En el siguiente compartimiento, un iraní viaja resignado con la compañía de cinco bulliciosas monjas que sueltan ya las primeras cáscaras de naranja y abren madrugadoras botellas de agua mineral sin gas. El pasaporte del iraní es una chapuza monumental. Por debajo de un papel pegado con goma arábiga a la tapa del documento se adivina todavía la silueta del escudo imperial del sha. Las hermanas se sonrojan cuando una de ellas dice eso tan gracioso de "a ver si se van a creer ustedes que somos de ETA".
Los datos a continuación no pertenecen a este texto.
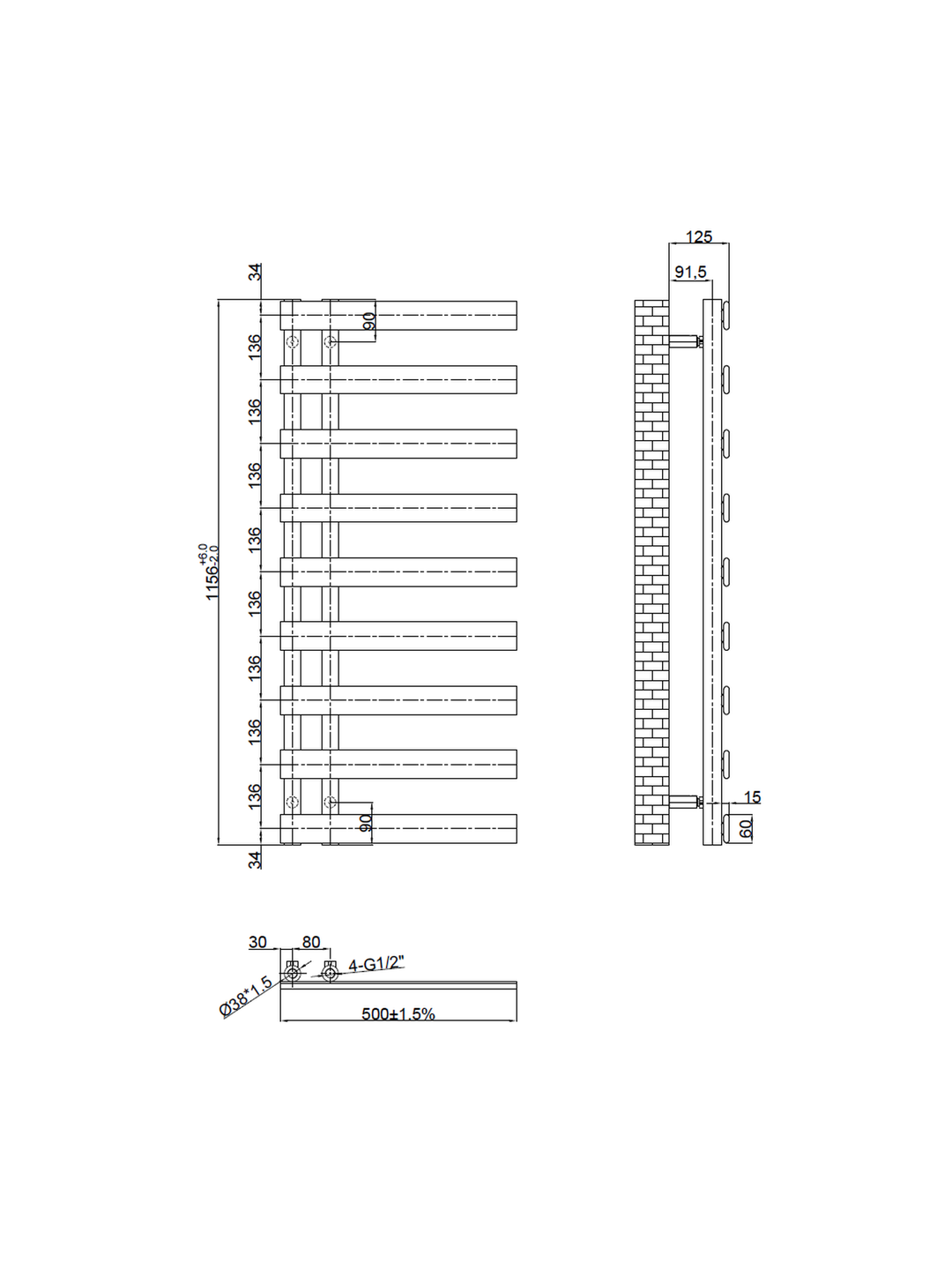Milton Designer Offset Towel Radiator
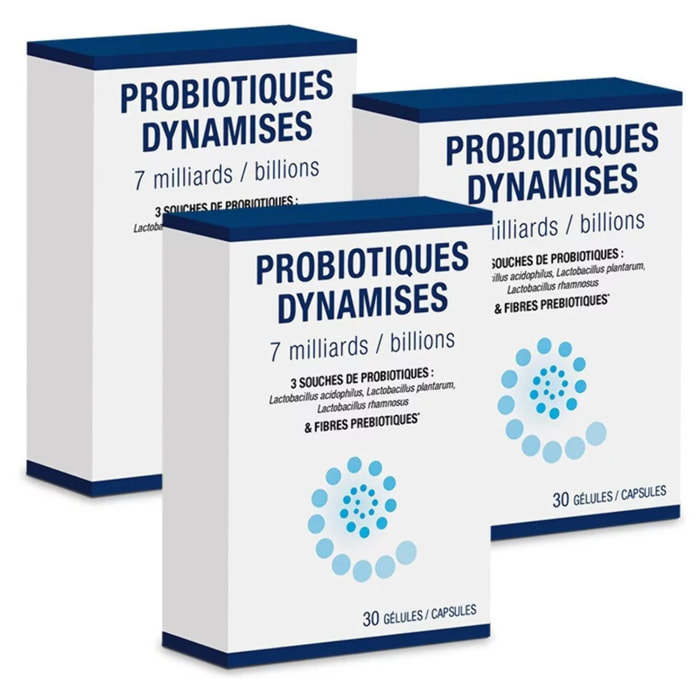 NUTRIEXPERT - Probiotiques Dynamisés - Favorise Equilibre De La Flore Intestinale -7 Milliards de Ferments Lactiques- 3 Souches Probiotiques - Fibres Prébiotiques - 30 Gélules - Sans Gluten - Lot de 3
El aire de la inspección es de eficiencia con un toque de relajo. Sólo al llegar a los lavabos sugiere la actitud de los policías una imagen de precaución como la que se espera de ellos.
Como conejos
-¿Para qué vamos a ir tensos? -dice uno de los policías-. Si nos quieren cazar, nos pueden cazar como a conejos. Una cosa es que fuéramos avisados de que alguien en concreto es gente peligrosa. Pero, entre los viajeros normales, ya me dirás qué puedes hacer.
Se rememora entonces, con un deje de indignación en el acento del otro policía, que unos días antes se enteraron, cuando iban por Burgos, de que en el tren viajaba un tío de ETA al que seguían miembros de otra brigada policial, y que el etarra se había bajado en Vitoria; que menos mal que no les había provocado sospecha alguna, porque habría sido la de Troya.
El periplo concluye en el vagón restaurante. Hay un obligado paréntesis para ver quién se hace cargo de la cuenta de los refrescos, justo el tiempo que el mozo consume en sacar las chapas de las botellas. Cuando el centímetro de espuma desborda ya el vaso de cerveza, el mozo recoge al azar uno de los billetes que se ofertan desde todos los rincones, y la charla vuelve a sus cauces debidos entre un rumor de carteras que vuelven a sus bolsillos de origen.
-¿Miedo? No. ¿Por qué íbamos a tener miedo? Si los de ETA no han dado ya un zambombazo a algún compañero en el tren será porque les interesa mantener el tren tranquilo. De siempre ha sido un medio muy agradecido para pasar gentes y cosas. Además, es lo que te decía antes: que para qué te vas a poner nervioso, si sabes que no hay nada que hacer si un tío viene a por ti; nada más que confiar en la suerte y que te puedas dar cuenta a tiempo.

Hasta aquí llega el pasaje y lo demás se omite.